Tuesday, December 7, 2010

Marbré chocolat

The other day I had to make a cake that would travel well. Interestingly enough, there's a category of French desserts that are called 'gâteaux de voyage', or rather traveling cakes. These are generally drier, less complicated cakes that can withstand transport. Some examples of gâteaux de voyage include madeleines, lemon cake, pound cake, fruit cake, almond cakes, and pastries made with puff pastry dough and almond cream such as pithiviers or pain complet.



I decided to make a chocolate marbled cake. The recipe is quite simple. You make the batter, reserve a portion of it, and then add cocoa powder to the other portion.


After the two batters are ready, fill your lined cake mold two-thirds with successive layers of vanilla and chocolate batter. Interestingly enough, I didn't need to run a knife through the batters to marble them. Unlike brownies, that don't really rise, this cake rises a lot and the marbling is accomplished as the cake cooks.

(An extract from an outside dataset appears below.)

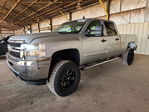 Chevrolet Silverado 2011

The cake was not as buttery as I expected. I think next time I make a marbled cake, I'll use a pound cake recipe and add cocoa powder to half the batter.


Marbré chocolat:
Makes 1 large or 2 small molds (12 people)

250g butter
250g icing/powdered sugar
250g eggs
200g flour
50g corn starch
8g baking powder
2g vanilla extract
20g cocoa powder

Cream the butter and icing sugar. Add the eggs and the vanilla extract. Mix in the sifted flour, starch, and baking powder. Reserve half the mixture. Add the 20g of cocoa powder to the other half of the mixture. Fill a non-stick paper-lined cake mold two-thirds with successive layers of vanilla and chocolate batter. Bake at 200°C. As soon as the cake colors, check done-ness with a knife blade. If the blade is moist, continue to bake at 180°C until a knife blade comes out clean.